Tuesday, July 30, 2013

Stone Ruin Ten IPA - Beer Review

I'm not sure how I feel about really big IPAs. In some ways, they're like the brewing equivalent of the deep dish pizza. Just as any joker can pile copious handfuls of mozzarella on top of a crust, any brew monkey can toss barrels of hop pellets into his wort. I say this with a smile, and I don't want to trivialize the efforts of anyone in the culinary or brewing world, but it's disappointing when one ingredient is used to cover up the lack of quality of other components in a product (however, I would still rather drink an unbalanced, overhopped IPA than some swill of a light lager from a swirly-necked bottle or a color-changing can).

That being said, I do get a taste for deep dish pizza every now and then, and sometimes I like well-crafted imperial IPAs.
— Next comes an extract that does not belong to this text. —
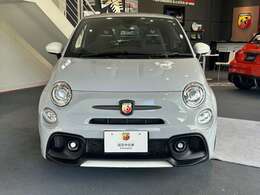 低走行の限定車となります。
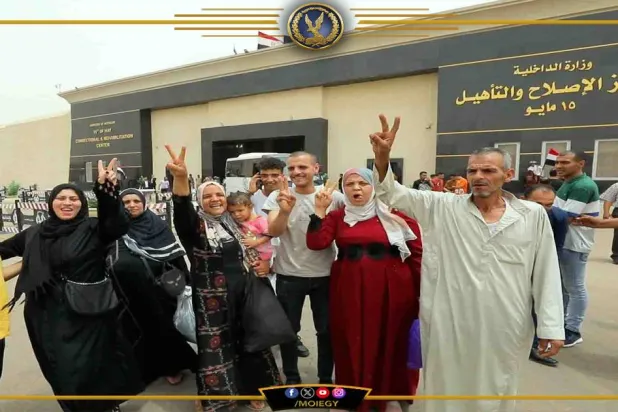 الإفراج عن محبوسين مصريين بعد العفو عنهم في أبريل الماضي (الداخلية المصرية)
They can be novelties, but they have a special place in my heart. Hoppy beers have a way of drawing people into the craft scene, especially those overflowing with a citrusy dry hopped essence. The first time you smell a beer that is brimming with lupulin is a moment that you'll never forget. I remember sharing a bomber of Two Brothers Hop Juice (now known as Hop Centric) with my brother a few years ago. Its nose, depth of flavor, and smoothness in spite of high ABV and IBUs made the tasting an inspirational experience. We were both amazed that a beer could be that way. My palate seems to change every few years, and I'm not as into IPAs as I used to be, but big beers like this take me down memory lane.

Stone Ruin Ten IPA is definitely one of these big beers. At 110 IBUs and 10.8 ABV, it is a monster. Stone markets Ruin Ten as "a stage dive into a mosh pit of hops," which is a fitting metaphor.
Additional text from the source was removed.